Meditation for Authors

Could this be the fountain of creative source?

The deep well of boundless creativity.

If there were a pill that:

  1. Cured writer’s block,
  2. Showered you with endless plot twists,
  3. Brought back the joy in writing,
  4. Whispered character traits into your ear,
  5. Woke up your slumbering creative muse,

Would you take it? How often? How about a big dose Every Single Morning?

As often happens here on The Cream, a thought morphs into a post which transforms into a series which later becomes a book. This is one topic that has been itching my creative underarm for years.

I’m going to spill the beans here a little. OK, a lot. Meditation is my secret weapon. Every Single Morning I wake up and the very first thing I do, OK, the second thing I do, is my meditation practice. The next thing I do depends on that second thing. If I’m bursting with new ideas and plot twists and character development and new ideas for books, I’m sitting at my keyboard and trying to get down as much as I can as fast as I can about what I “learned” during my meditation.

Sound crazy?

If it does, you haven’t experienced the world of your inner creative muse quite to its potential just yet.

The Bottleneck

In both the creative world as well as the industrial world, there’s usually a bottleneck. A place in the chain of action where things slow down–or worse: stopped. Usually, yeah, I hate to bear bad news, but it’s usually you.

You see, our subconscious is a glorious universe of pretty much boundless creativity, energy, and, well, joy and fun. I know, sounds like Disneyland. It is like Disneyland.
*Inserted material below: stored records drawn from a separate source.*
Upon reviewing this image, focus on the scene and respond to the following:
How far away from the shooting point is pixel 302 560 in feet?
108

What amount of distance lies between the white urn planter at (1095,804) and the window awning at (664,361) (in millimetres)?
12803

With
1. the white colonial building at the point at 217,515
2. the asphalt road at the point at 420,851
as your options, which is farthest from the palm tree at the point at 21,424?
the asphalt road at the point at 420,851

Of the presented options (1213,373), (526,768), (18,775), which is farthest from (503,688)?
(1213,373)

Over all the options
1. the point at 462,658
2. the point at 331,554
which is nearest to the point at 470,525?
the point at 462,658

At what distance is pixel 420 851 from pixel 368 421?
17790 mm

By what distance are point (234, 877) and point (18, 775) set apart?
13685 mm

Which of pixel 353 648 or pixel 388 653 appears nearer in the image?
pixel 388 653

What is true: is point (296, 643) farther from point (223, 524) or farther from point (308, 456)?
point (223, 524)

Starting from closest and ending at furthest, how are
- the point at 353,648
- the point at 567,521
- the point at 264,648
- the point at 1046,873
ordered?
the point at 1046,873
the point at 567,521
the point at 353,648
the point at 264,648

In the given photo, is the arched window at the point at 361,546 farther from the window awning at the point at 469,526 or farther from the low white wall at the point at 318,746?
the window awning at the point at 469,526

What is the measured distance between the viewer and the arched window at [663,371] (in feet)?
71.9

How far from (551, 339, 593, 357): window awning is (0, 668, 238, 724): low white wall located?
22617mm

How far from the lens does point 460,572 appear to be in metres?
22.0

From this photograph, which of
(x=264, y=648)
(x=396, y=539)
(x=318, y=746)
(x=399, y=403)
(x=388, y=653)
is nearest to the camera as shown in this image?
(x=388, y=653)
We just don’t visit enough.

What if I could help you find that creative state Every Single Morning in a way that would jumpstart your day to the point where you might want to tone things down because you’re wearing out your keyboard you have so many ideas? What if there was a clarity to your thinking that allowed you to “be done with work” by late morning? So many ideas you weren’t sure where to start? Books and stories and topics in such a waterfall you thought about who could help you get it all done? Or laser focus on your single task at hand?
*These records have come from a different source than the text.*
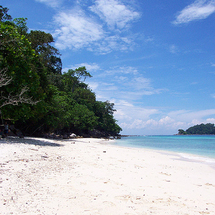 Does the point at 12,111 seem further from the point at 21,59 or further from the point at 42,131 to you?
the point at 42,131

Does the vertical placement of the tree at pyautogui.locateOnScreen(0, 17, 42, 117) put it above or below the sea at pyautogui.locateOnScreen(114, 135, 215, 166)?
above

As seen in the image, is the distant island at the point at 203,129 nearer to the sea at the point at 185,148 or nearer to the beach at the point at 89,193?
the sea at the point at 185,148

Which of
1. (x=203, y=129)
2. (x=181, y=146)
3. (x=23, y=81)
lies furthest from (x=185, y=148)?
(x=203, y=129)

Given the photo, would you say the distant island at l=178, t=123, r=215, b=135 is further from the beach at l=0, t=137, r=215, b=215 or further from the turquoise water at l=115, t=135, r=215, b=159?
the beach at l=0, t=137, r=215, b=215

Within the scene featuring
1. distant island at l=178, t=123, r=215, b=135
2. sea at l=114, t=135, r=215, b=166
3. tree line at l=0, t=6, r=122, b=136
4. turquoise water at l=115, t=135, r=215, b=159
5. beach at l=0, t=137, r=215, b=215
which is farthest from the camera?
distant island at l=178, t=123, r=215, b=135

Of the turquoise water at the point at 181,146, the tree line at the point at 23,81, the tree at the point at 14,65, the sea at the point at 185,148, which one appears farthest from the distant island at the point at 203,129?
the tree at the point at 14,65

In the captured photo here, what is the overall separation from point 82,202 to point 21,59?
11.6 m

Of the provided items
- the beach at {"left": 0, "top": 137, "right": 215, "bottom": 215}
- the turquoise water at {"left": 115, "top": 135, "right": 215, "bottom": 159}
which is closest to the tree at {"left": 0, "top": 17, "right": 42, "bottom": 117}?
the beach at {"left": 0, "top": 137, "right": 215, "bottom": 215}

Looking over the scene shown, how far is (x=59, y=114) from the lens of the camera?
23078mm

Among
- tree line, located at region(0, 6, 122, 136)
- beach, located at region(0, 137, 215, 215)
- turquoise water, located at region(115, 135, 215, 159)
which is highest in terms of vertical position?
tree line, located at region(0, 6, 122, 136)

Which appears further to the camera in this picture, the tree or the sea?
the sea

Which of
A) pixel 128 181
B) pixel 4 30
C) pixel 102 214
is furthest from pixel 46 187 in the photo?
pixel 4 30

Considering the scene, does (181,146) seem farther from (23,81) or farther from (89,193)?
(89,193)

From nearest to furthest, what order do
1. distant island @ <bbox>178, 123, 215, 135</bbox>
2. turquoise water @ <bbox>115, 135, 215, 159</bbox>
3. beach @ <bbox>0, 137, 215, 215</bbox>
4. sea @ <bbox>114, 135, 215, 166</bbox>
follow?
beach @ <bbox>0, 137, 215, 215</bbox> → sea @ <bbox>114, 135, 215, 166</bbox> → turquoise water @ <bbox>115, 135, 215, 159</bbox> → distant island @ <bbox>178, 123, 215, 135</bbox>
Sound crazy? I know, it is crazy.

But it works.

It’s Wedensday, June 20, 2018. I’m hesitant to even post this because I think it’s so powerful. I’m not usually one to worry about copycats (also because I think we each have our own method and style even if we put out similar content), but I think this could be really something to help authors–not to mention artists in general.
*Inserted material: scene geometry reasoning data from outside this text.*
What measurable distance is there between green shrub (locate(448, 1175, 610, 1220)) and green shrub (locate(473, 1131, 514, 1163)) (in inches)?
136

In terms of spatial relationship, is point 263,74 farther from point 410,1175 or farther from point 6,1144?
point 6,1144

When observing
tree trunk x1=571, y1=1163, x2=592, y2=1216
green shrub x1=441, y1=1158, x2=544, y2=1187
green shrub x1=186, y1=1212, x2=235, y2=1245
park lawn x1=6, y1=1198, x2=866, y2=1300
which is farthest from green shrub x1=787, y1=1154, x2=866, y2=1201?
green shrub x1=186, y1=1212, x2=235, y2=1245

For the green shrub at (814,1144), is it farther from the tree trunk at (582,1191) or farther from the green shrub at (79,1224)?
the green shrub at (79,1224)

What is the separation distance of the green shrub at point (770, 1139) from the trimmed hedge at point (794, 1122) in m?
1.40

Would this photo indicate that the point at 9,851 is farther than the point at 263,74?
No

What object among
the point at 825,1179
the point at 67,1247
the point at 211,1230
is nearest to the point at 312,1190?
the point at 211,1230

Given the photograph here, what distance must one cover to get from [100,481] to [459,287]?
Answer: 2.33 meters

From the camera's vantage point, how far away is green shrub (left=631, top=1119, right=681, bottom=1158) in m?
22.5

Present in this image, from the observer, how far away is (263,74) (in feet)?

Meditation for Authors Step by Step

  1. Wake up early. There are three tiny words here and each packs a punch. Wake: you’re no longer asleep. Up: you’re not lying down. Early: before you usually do.
  2. Use the bathroom. Hey, we gotta do what we gotta do.
  3. Drink a glass of water. If you want to get fancy, you could do warm water with a squeezed lemon.
  4. Find a safe, quiet place. By safe, I don’t mean from thieves or on the edge of your balcony, but where no one will bother you. The only place I have in our house with a locked door is the bathroom. Make it dark. Wear an eye mask (not yet!). Lock the door.
  5. Get comfortable. But not too comfortable. Don’t lie down. Sit.
  6. Be still. This is just preparation. Give yourself 1 to 3 minutes of stillness. Be quiet. Listen.
  7. Music. This step requires more explanation and is up to personal preference, but get some good headphones, ideally the over-the-ear kind. Again, more on this later what kind of music or there’s the discussion of a guided meditation. More on this later.
  8. Junk. Don’t fight it. If your grocery list is on your mind, let it be. “Let’s see, tortillas, kidney beans, don’t forget the sour cream.” Finish your thoughts and move on. 5 minutes max.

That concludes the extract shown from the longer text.